Biological similarities exist between aging and human immunodeficiency virus (HIV) infection. Both cause a frailty phenotype characterized by generalized decreased physical function caused by enhanced vulnerability to immunological stressors and inflammatory dysregulation. The introduction of highly active antiretroviral therapy (HAART) has increased the population of older HIV-infected individuals (>50 years old). The physiological impacts of aging and HIV infection have been characterized within multiple organs but not within the brain.

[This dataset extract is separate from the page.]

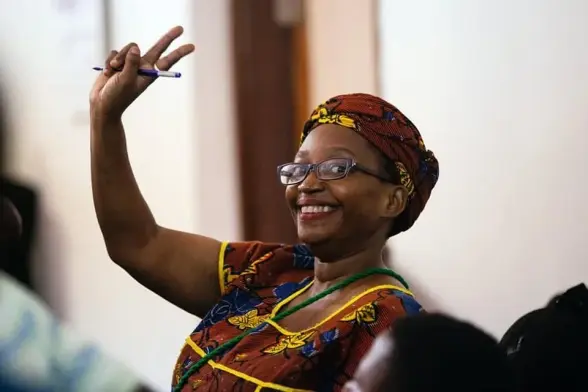 Stella Nyanzi, a black woman smiles at the camera, raising her right arm with two fingers in a victory sign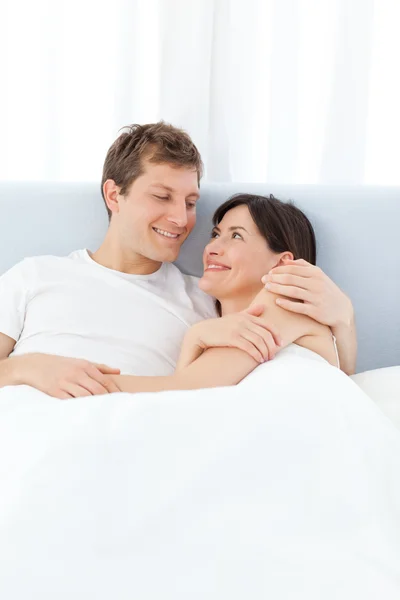 Uomo abbracciare la sua ragazza sul loro letto — Foto Stock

Functional magnetic resonance imaging (fMRI) provides a noninvasive method to study brain metabolic demands. In control participants without HIV infection, aging decreases functional activity within certain brain regions while causing recruitment of additional structures. Statistically significant differences in functional brain activity occur in younger (<40 years old) HIV-infected subjects, compared with HIV-negative subjects. To date, no fMRI studies have investigated the possible interaction between HIV infection and aging. If fMRI is potentially to be used as a preclinical biomarker to assess HIV infection in the brain, then a broader spectrum of ages is required for studying both HIV-positive and HIV-negative subjects. Methods. HIV-negative (n=25) and HIV-positive (n=26) subjects (age, 20–62 years) provided written consent approved by the University of California, San Diego, institutional review board. A detailed medical history was obtained, and individuals were excluded if they had a previous history of other neurological illness or infections, cerebrovascular disease or strokes, major psychiatric disorders, or substance abuse 3 months prior to imaging. Subjects underwent imaging if reported substance abstinence was confirmed by negative urine toxicology test results. HIV-positive subjects either were not receiving HAART or had been receiving a stable regimen for >3 months. All HIV-positive patients had hematocrit levels, CD4 cell counts, and plasma HIV loads measured. The plasma HIV load was determined by reverse-transcription polymerase chain reaction (Amplicor; Roche Diagnostic Systems) using an ultrasensitive assay (lower quantification limit, <50 copies/mL). CD4 cell count nadir values were obtained by self-report or by direct measurement if the measured CD4 cell count was lower than the self-report measure.